You have the evidence before you of several witnesses who
testified that he did not, and Mrs. Hayden also testified
that he did not stop. On the other side you have the positive
evidence of the plaintiff that he did -- that they did stop
before crossing.
"[In
so far as this branch of the case is concerned, if you shall
determine that the conveyance was stopped at that place, that
the plaintiff did look up and down the road, that he did
listen for approaching train, heard none, saw none, heard no
signal and that no signal was given, then he did his duty.]
"It
is contended by the defendant that even though the conveyance
was stopped at that point, say in the neighborhood of fifteen
or eighteen feet from the crossing, that still the plaintiff
is not entitled to recover. That under the evidence in this
case, if the conveyance was stopped at the point indicated,
and that he did look to his right or west along the track,
that he must necessarily have seen the approaching train. You
will remember the calculations, figures and distances given
by the different witnesses where a train could be seen, from
that point, and also the alleged discrepancies and
contradictions.

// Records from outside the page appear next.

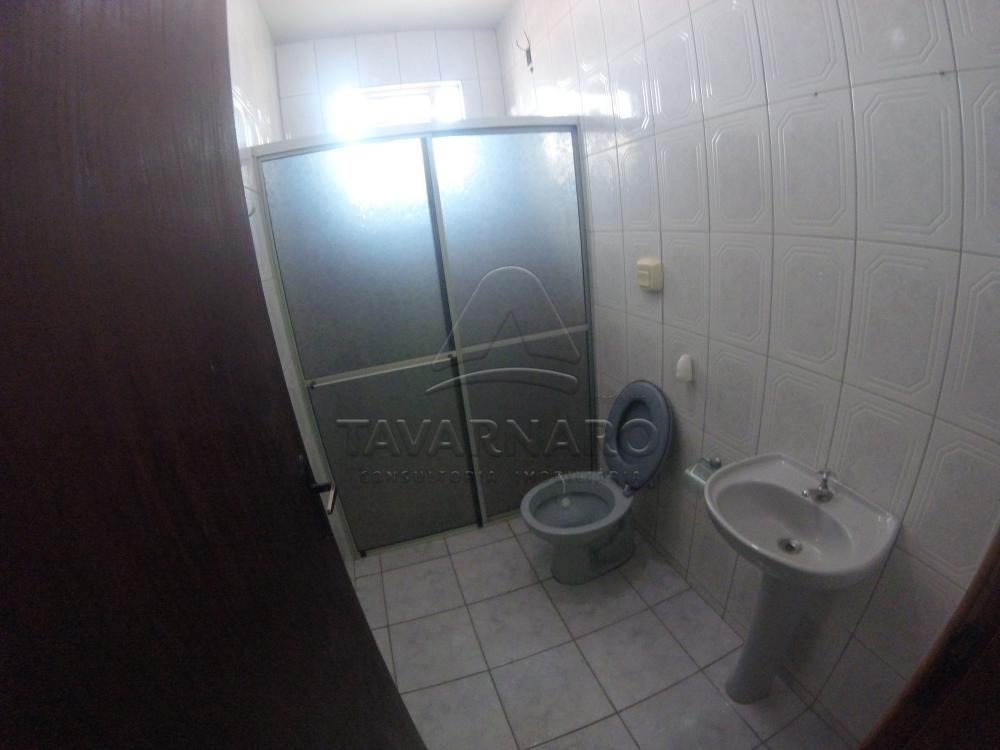 Alugar Casa / Sobrado em Ponta Grossa apenas R$ 1.300,00 - Foto 12 Alugar Casa / Sobrado em Ponta Grossa apenas R$ 1.300,00 - Foto 12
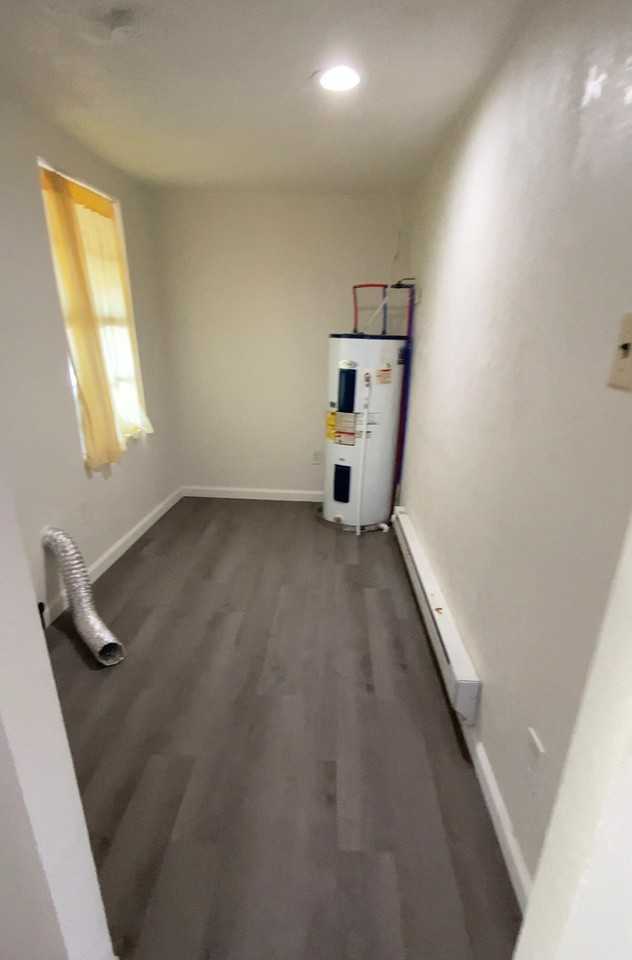 1861 Madison Ave - Photo 7 of 8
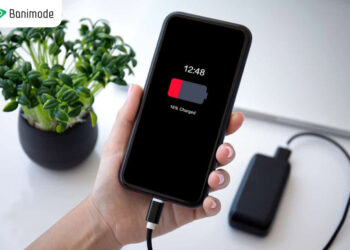 راهنمای خرید گوشی با باتری قوی + معرفی بهترین گوشی‌های بازار [تابستان 1403]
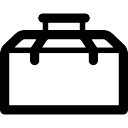 128x128 Lunchbox Vectors, Photos And Psd Files Free Download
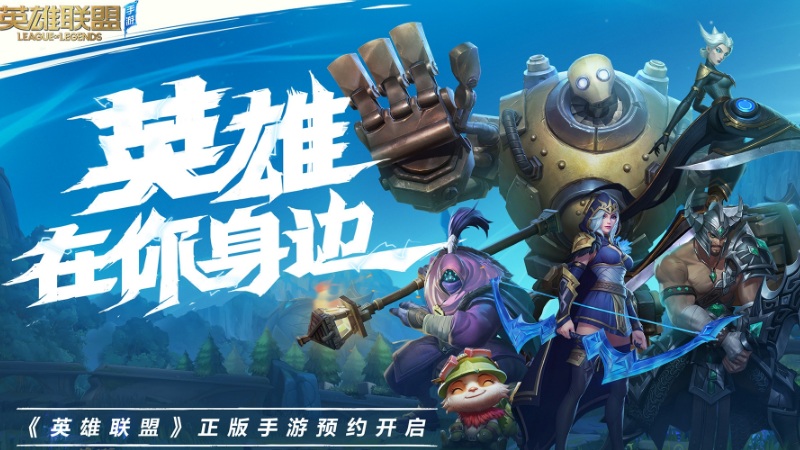 摩登7娱乐官方网站图片
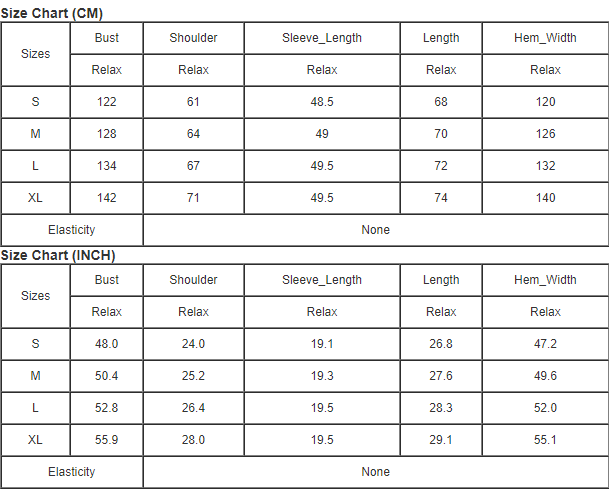 Distressed Raw Edge Plaid Patchwork Denim Jacket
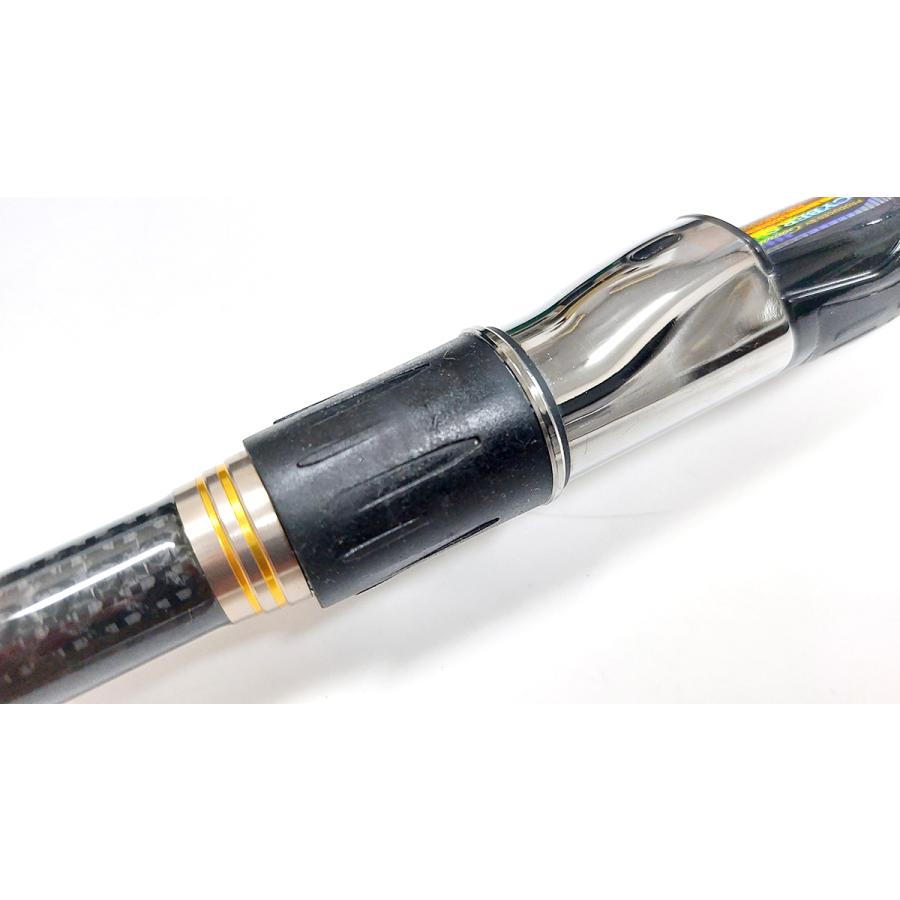 Gamakatsu（がまかつ） 【中古】【送料無料】がまかつ がま磯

If you shall determine, as a matter of fact,
that the plaintiff did stop, look and listen at the point
indicated, and that there was a plain unobstructed view of an
approaching train for a long distance, then, as stated by the
Supreme Court, he cannot deny that he saw what his eyes must
have seen if he had looked, or what his ears must have heard
if he listened."
Defendant's
points were among others as follows:
"5.
It was the imperative duty of the plaintiff to stop, look and
listen at the point at which he could see and hear, before
crossing the track, and if the jury believe...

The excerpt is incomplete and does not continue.